Understanding segmentation heads: They are essentially the final layers of your model responsible for translating the rich feature representations from the backbone(ViT in this case) into pixel-level class predictions (i.e., the segmentation mask). Several popular types of segmentation heads exist, each with its strengths and considerations:
Common Segmentation Heads:
- Linear decoder: This is the simplest type of head, where the flattened output of the ViT backbone is fed into a linear layer (or a few) to predict class probabilities for each pixel. It's computationally efficient but might lack the ability to capture fine-grained details.
- MLP Decoders: Similar to the linear decoder, but with multiple layers and potentially non-linearities to allow for more complex feature transformations.
- CNNs: To implement, you need to reshape and interpolate the token outputs into a 2D grid before applying convolutional layers.
- U-Net like decoder: Inspired by the popular U-Net architecture, these decoders have skip connections that combine low-level (detail-rich) features from the backbone with high-level (semantic-rich) features from the decoder. Transformer tokens can be reshaped and processed through a U-Net-like decoder with skip connections. Check out TransUNet as mention below list of implementations.
- There are other types of decoder too. I covered most basic once.

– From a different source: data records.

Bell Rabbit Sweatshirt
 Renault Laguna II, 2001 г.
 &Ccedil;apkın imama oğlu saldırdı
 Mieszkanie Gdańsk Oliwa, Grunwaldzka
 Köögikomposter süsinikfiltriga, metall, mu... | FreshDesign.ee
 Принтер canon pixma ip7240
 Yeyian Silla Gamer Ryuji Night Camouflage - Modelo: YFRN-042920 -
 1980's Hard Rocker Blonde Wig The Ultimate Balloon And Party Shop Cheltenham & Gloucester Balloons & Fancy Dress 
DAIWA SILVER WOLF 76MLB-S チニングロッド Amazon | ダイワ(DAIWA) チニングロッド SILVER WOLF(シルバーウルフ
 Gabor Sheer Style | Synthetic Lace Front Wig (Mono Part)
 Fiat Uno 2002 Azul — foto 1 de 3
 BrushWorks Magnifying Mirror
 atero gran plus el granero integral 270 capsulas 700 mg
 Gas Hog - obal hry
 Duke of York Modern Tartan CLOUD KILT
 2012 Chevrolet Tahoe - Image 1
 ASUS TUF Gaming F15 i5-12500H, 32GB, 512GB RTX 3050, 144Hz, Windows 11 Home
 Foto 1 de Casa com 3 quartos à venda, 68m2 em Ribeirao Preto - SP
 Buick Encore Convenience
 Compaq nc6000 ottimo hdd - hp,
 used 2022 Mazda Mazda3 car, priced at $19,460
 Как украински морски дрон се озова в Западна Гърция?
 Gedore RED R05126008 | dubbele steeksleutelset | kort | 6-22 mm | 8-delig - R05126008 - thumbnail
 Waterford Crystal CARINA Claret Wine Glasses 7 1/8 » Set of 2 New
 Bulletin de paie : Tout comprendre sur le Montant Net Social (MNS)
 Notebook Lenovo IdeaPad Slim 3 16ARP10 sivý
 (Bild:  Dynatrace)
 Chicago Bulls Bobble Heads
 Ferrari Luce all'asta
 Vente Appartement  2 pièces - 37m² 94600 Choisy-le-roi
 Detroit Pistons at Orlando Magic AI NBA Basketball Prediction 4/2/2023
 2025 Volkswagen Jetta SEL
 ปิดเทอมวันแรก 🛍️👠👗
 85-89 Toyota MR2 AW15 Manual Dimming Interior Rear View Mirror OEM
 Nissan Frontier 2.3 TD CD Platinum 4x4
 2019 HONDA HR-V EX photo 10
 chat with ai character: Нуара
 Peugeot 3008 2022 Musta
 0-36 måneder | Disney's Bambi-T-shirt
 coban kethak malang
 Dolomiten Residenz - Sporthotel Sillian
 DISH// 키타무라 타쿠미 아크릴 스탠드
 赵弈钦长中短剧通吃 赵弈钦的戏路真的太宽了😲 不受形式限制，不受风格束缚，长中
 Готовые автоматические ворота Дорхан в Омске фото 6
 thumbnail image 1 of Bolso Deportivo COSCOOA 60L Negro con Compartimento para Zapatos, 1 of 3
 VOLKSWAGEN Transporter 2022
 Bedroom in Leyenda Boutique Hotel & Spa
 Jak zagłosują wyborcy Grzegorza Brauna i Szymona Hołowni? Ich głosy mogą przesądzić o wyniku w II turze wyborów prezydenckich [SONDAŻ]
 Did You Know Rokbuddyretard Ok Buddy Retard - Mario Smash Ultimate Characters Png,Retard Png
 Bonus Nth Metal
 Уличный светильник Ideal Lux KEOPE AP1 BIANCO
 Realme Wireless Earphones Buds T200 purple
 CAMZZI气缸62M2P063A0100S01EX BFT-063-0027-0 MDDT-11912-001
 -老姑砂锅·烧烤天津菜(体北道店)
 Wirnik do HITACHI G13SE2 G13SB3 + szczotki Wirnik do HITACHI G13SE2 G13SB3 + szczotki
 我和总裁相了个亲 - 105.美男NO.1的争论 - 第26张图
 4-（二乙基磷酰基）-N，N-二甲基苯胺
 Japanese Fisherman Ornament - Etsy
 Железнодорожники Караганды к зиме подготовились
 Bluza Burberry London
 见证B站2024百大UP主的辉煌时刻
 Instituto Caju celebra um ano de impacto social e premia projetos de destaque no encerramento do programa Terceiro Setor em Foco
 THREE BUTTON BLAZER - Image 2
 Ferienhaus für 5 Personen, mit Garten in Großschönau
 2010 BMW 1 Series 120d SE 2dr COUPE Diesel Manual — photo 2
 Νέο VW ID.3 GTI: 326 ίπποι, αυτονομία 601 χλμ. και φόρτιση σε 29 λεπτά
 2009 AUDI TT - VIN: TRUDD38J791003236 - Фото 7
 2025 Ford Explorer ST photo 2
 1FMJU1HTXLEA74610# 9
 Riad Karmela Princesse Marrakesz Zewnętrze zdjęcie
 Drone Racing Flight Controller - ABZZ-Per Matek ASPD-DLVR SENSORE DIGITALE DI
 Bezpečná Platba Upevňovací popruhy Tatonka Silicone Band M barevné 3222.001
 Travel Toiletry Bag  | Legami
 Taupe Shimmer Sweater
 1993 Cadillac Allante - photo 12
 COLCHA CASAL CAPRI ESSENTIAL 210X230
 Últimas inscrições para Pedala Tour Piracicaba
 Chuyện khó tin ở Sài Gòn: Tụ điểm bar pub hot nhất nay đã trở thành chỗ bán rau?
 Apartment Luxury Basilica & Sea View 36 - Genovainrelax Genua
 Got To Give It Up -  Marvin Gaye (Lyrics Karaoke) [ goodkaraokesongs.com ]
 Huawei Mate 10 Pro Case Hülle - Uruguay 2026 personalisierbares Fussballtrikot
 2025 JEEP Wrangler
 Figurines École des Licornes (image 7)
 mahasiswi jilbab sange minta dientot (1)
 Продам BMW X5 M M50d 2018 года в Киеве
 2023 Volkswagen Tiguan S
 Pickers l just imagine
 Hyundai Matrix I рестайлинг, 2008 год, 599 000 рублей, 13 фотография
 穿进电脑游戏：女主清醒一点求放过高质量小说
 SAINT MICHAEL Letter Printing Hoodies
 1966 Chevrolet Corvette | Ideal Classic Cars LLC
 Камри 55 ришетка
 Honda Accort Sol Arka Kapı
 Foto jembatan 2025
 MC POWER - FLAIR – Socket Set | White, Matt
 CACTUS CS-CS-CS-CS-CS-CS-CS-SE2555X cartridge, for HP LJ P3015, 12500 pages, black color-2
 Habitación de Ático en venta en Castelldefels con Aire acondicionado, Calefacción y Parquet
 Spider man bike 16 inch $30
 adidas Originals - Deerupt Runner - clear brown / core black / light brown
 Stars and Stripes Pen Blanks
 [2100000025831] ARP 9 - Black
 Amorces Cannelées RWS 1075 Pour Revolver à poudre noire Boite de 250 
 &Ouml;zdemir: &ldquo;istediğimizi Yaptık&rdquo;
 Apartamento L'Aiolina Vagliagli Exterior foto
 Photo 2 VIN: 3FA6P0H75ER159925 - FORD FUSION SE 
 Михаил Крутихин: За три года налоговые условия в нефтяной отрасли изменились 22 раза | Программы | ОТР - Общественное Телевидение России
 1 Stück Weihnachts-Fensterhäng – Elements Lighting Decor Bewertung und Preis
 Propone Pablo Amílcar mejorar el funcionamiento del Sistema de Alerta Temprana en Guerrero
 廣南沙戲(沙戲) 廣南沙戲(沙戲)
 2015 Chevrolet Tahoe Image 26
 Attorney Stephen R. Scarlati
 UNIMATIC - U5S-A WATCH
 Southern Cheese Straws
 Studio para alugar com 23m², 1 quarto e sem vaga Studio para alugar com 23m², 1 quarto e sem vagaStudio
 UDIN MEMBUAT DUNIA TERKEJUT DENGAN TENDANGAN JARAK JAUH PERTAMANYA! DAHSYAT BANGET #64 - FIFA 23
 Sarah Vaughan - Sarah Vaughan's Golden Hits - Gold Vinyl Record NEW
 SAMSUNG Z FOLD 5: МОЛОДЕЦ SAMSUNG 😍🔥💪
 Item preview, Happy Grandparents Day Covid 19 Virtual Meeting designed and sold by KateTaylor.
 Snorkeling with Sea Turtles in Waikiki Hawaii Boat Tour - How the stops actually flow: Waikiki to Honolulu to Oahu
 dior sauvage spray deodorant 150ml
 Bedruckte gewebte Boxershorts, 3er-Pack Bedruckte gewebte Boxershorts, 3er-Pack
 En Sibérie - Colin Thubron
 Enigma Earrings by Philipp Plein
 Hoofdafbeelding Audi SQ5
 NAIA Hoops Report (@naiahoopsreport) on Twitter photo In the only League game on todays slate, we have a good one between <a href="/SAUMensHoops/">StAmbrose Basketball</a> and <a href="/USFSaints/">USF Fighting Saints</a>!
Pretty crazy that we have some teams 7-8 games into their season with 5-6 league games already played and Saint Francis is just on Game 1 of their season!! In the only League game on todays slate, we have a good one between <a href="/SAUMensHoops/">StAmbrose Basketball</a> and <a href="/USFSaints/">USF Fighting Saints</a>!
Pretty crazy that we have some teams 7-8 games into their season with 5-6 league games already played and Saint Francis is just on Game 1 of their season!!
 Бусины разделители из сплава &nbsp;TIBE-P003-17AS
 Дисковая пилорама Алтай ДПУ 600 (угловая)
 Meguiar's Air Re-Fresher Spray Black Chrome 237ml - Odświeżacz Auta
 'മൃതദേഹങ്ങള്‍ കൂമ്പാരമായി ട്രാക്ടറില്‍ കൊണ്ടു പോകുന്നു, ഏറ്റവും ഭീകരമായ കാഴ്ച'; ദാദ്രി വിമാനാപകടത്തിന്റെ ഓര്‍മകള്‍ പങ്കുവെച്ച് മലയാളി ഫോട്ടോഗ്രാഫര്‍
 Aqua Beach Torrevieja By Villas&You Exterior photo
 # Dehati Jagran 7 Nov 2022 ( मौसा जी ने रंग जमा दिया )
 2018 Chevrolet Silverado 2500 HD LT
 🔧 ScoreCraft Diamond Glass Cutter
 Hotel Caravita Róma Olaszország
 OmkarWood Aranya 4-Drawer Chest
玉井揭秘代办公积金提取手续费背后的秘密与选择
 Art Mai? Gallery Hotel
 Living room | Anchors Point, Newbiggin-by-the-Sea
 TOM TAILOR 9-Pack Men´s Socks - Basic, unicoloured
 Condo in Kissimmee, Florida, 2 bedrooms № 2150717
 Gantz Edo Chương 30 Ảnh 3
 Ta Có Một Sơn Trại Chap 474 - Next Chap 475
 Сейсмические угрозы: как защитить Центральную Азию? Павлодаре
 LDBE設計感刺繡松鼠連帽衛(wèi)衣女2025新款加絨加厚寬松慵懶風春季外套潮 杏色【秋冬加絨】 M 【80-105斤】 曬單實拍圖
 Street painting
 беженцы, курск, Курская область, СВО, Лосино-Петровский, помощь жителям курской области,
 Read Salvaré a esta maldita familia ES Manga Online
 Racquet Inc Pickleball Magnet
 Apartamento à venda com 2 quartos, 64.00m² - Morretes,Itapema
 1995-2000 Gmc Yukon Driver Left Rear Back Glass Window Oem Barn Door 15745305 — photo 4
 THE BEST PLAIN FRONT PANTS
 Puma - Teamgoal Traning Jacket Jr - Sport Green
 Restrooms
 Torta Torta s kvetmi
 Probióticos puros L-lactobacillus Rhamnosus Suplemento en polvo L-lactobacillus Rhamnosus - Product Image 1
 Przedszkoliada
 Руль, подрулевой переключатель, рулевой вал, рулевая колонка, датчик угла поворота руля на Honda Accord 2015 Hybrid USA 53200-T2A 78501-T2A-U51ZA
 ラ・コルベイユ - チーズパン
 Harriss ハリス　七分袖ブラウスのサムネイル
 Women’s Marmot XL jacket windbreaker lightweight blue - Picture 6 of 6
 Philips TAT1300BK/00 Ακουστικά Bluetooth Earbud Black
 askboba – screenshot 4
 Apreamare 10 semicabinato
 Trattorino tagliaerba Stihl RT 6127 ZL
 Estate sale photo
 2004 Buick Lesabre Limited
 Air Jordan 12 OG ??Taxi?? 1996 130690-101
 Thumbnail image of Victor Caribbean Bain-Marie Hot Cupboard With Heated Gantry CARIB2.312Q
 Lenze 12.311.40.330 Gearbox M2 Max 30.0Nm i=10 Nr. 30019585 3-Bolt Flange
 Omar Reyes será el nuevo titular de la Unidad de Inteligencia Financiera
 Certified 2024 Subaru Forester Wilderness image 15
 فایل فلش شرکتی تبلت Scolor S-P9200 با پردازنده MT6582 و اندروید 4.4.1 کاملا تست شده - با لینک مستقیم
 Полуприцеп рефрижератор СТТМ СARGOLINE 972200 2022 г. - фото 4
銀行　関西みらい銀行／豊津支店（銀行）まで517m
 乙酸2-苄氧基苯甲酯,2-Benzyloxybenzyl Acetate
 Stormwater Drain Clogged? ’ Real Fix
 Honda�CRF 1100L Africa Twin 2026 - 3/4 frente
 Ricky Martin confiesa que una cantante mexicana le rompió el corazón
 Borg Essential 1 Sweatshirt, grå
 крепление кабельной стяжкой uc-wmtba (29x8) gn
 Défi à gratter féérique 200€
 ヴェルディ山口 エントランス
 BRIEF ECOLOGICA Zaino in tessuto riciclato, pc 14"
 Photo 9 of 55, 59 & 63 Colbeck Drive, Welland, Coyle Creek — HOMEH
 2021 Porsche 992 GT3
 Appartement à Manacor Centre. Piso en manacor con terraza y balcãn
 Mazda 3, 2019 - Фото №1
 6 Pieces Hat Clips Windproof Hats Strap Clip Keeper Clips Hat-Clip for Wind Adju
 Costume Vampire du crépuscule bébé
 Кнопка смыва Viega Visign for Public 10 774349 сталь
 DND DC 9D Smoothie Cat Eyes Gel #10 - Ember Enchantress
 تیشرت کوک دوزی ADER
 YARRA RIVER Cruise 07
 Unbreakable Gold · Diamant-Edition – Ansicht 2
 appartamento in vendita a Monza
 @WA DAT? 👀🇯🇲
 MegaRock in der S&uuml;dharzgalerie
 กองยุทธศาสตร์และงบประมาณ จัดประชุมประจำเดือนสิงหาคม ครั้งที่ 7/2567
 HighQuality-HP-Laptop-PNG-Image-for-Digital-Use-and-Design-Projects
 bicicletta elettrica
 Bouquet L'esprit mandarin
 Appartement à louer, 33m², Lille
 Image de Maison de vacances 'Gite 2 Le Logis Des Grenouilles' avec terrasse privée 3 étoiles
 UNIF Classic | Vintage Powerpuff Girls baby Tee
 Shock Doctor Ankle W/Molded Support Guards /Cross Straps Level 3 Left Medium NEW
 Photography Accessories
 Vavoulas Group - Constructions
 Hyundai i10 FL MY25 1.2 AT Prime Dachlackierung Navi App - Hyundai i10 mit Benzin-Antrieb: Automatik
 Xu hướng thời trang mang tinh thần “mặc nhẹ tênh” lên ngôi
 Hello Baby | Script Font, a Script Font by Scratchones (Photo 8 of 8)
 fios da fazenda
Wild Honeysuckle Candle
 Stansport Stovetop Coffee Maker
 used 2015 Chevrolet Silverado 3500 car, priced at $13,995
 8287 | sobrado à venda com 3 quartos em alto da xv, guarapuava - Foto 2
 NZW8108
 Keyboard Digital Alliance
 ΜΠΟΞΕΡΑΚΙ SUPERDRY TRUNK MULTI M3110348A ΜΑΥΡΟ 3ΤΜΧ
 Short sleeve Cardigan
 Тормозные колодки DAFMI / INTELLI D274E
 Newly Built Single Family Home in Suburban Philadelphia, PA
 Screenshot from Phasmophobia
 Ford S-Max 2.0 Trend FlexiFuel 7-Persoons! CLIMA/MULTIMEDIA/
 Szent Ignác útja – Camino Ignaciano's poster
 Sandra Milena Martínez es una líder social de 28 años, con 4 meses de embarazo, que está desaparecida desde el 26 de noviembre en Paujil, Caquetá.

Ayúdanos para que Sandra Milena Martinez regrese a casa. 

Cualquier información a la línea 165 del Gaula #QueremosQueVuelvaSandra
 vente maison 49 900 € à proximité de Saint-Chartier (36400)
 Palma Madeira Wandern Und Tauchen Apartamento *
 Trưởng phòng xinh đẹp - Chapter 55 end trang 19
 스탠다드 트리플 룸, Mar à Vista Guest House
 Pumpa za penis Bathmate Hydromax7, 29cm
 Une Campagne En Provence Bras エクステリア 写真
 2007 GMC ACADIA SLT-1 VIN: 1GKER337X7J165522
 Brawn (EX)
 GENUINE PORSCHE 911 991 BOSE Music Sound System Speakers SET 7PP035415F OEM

The good news is that you're not restricted to specific segmentation heads for specific ViT backbones. In principle, any of the segmentation heads mentioned above can be used with any ViT backbone.
Choosing the Right Head: consider the following factors when choosing a segmentation head:
Complexity and Performance: Linear/MLP heads are the simplest but might not offer the best performance. Transformer-based decoders and mask transformers offer better modeling capabilities but can be more complex.
Computational Resources: If computational resources are limited, simpler heads like MLP might be preferable.
Task-Specific Requirements: consider the nature of the segmentation task. If you need to capture fine details or long-range dependencies, a more powerful decoder might be necessary.
Example implementations with links (Not in specific order):
- SegFormer: designed to work with transformer backbones.
- DPT: Uses a ViT backbone followed by a dense prediction head.
- SegViT: Semantic degmentation with plain vision transformers
- Swin Transformer: Hierarchical Vision Transformer using Shifted Windows
- TransUNet: Transformers as encoder. U-net like structure.